In fact, the same thing is happening across the board, excluding the XBox (360). As news of the DS Lite travels, regular DS sales will slow as people decide to hold off for a few months to get The Next Best Thing. Same thing goes for the Gamecube and the PS2.
It seems, in fact, that even the components are going to be copied: the bad bad Cell (anyone even remember the supposed promise of the Emotion Engine?) will be used in computers.
They're poorly trying to play catchup on the Xbox Live|SNES/NES download services. Downloading a dual-layer PS2 DVD sounds very bizarre, if their service is ever built to the specifications they listed. Certainly we will have the ability to, one day, get 9GB file via Wifi in Tbilisi, but what's the point now?
And where are the exclusive PS3 titles?

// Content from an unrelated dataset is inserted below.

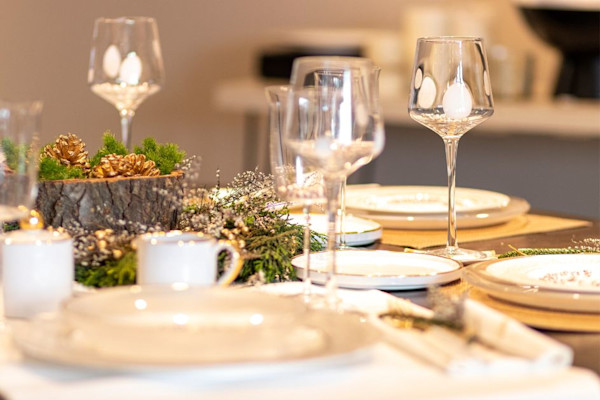 Como deixar a mesa de Natal impecável: dicas de limpeza e brilho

Metal Gear, Gran Turismo... I know there are enormous fans of these games, but my inclination is "so what." I'll give you Symphony of the Night, but can anyone name another PS1 game that anyone truly cares about playing again via their download service? It seems that most of their decent earlier games (as in 8 years ago) are available for the N64. Sony simply does not have the franchises that Nintendo has cultivated and Microsoft has basically bought for Xbox Live.
Even the bluray will be available in other devices. (That, of course, bodes well for the bluray format, but does it really matter with the PS3?)
The PS2/Revolutionalike controller scheme honestly reminds me of the 32X, and we all know how badly that went.
I was about to write, "Like every videogame war, it comes down to the games..." but I attended E3 in 1999 and remember the amazing promise of the Dreamcast's games, which gave the system the most quality-game-heavy launch in the history of videogaming since the NES. With the iPod now the gold standard in consumer electronics, it's about creating a complete experience for the user, and I can easily see the PS3 as all-things-to-all-people.
Xbox360 is a 1.5 upgrade. PS3 is copycatting. Combine this with the rootkit fiasco, the accompanying media hype (always impossible to meet) that blurays require a DRM-friendly HDTV, kaboom.
Nintendo all the way. I don't doubt a great deal of hype accompanying it, but it will be more of the "look at this weird thing" variety, much like the DS, and look at the DS now.
In the USA. Overall, Nintendo actually sold slightly more consoles than MS. Don't discount how well they do in Japan.
so long as all the blogs and media outlets are talking about Sony, talking about Blu-Ray, and talking about the really cool games that are coming with the PS3, they keep you from wanting to buy an xBox360.
Most people I know are waiting until all the consoles are released before they buy, and I live in xBox360 central (Seattle), so you know it's working.
-- Tigger warning: This post may contain tiggers! --
If all you care about is graphics you can get an xbox 360. If you want good games get the Revolution. What is the point of the PS3? The only people that I can see buying one are people who are hooked on GT, or PS2 fanboys who would buy a PS3 if all it did was make toast.